12月2日は総会とのことですが,皆さんに考えていただきたいことを一つ。既に鹿島代表もおっしゃっていますが,この週ボラホームページは更新が進んでいません。質的な面(内容の精選とともに受け手にとって利用しやすいように提供することも含めて)とともに,少ない労力と費用でやっていけるようにするにはどうすればいいかが,情報発信を続けている上での重要な課題でしょう。
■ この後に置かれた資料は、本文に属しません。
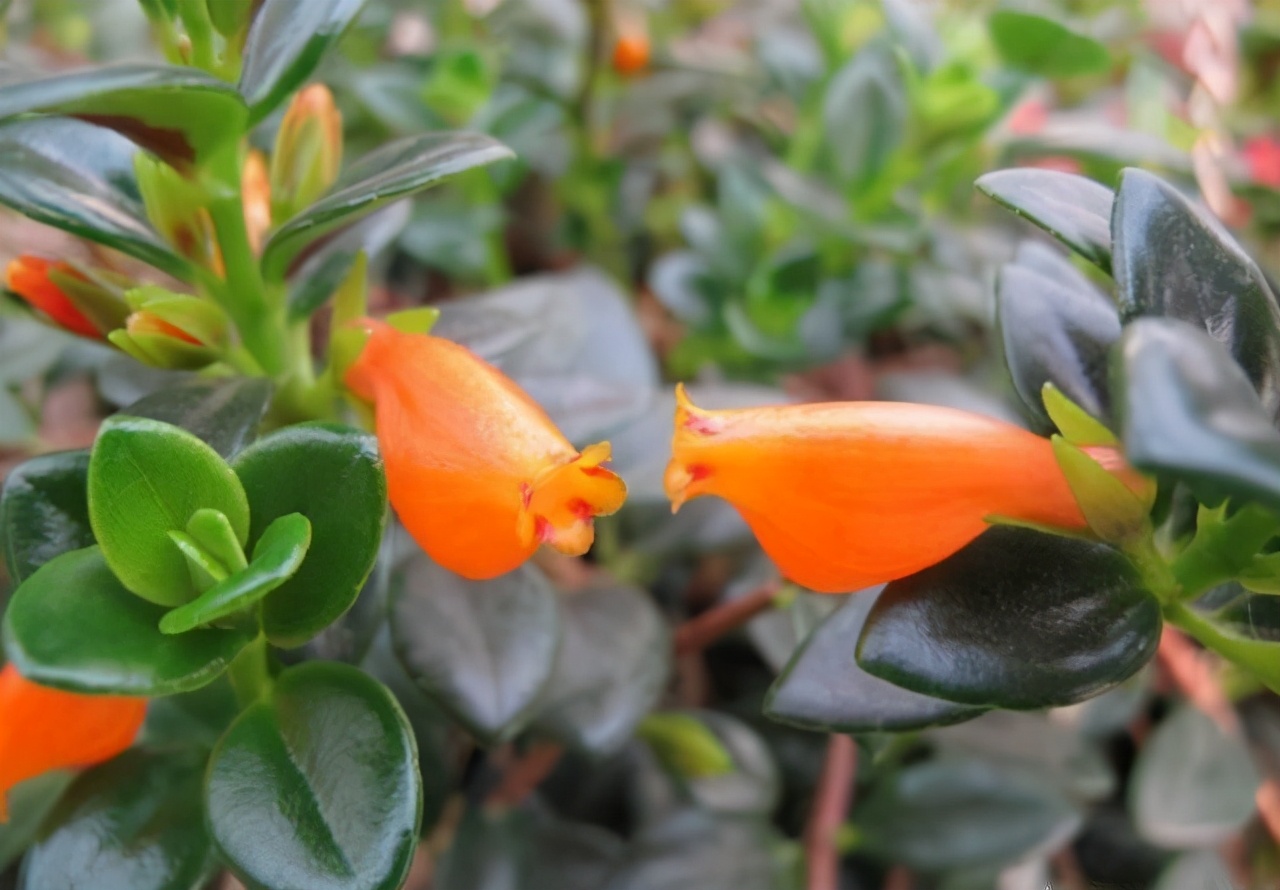 金鱼吊兰怎么养越养越亮,金鱼吊兰怎么养最旺盛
それはさておき,例のニューヨーク及びワシントンへの攻撃事件と,その報復としての米英によるアフガニスタン侵略戦争が始まって2ヶ月近くが経ちました。これに心を痛めておられる方も多いことでしょう。

いくら死者の数が近いからといって,NYの一件と阪神淡路大震災を結びつけたり,比較したりすることは適切な発想とはいえませんが,敢えていうなら,その後の市民の対応なり意識という点では,顧みるべき点もあるでしょう。少なくとも,連日連夜の救助活動に従事する消防隊員に飲み物を差し入れたり,拍手で迎えるNY市民の姿と,阪神淡路大震災で最も活躍したのは自衛隊だなどという虚偽の内容を載せた中学公民教科書がつくられたり,国内外でそうした放言をする政治家がいたりするという情況を許してしまっている日本の市民との間には,落差があることを否定できません。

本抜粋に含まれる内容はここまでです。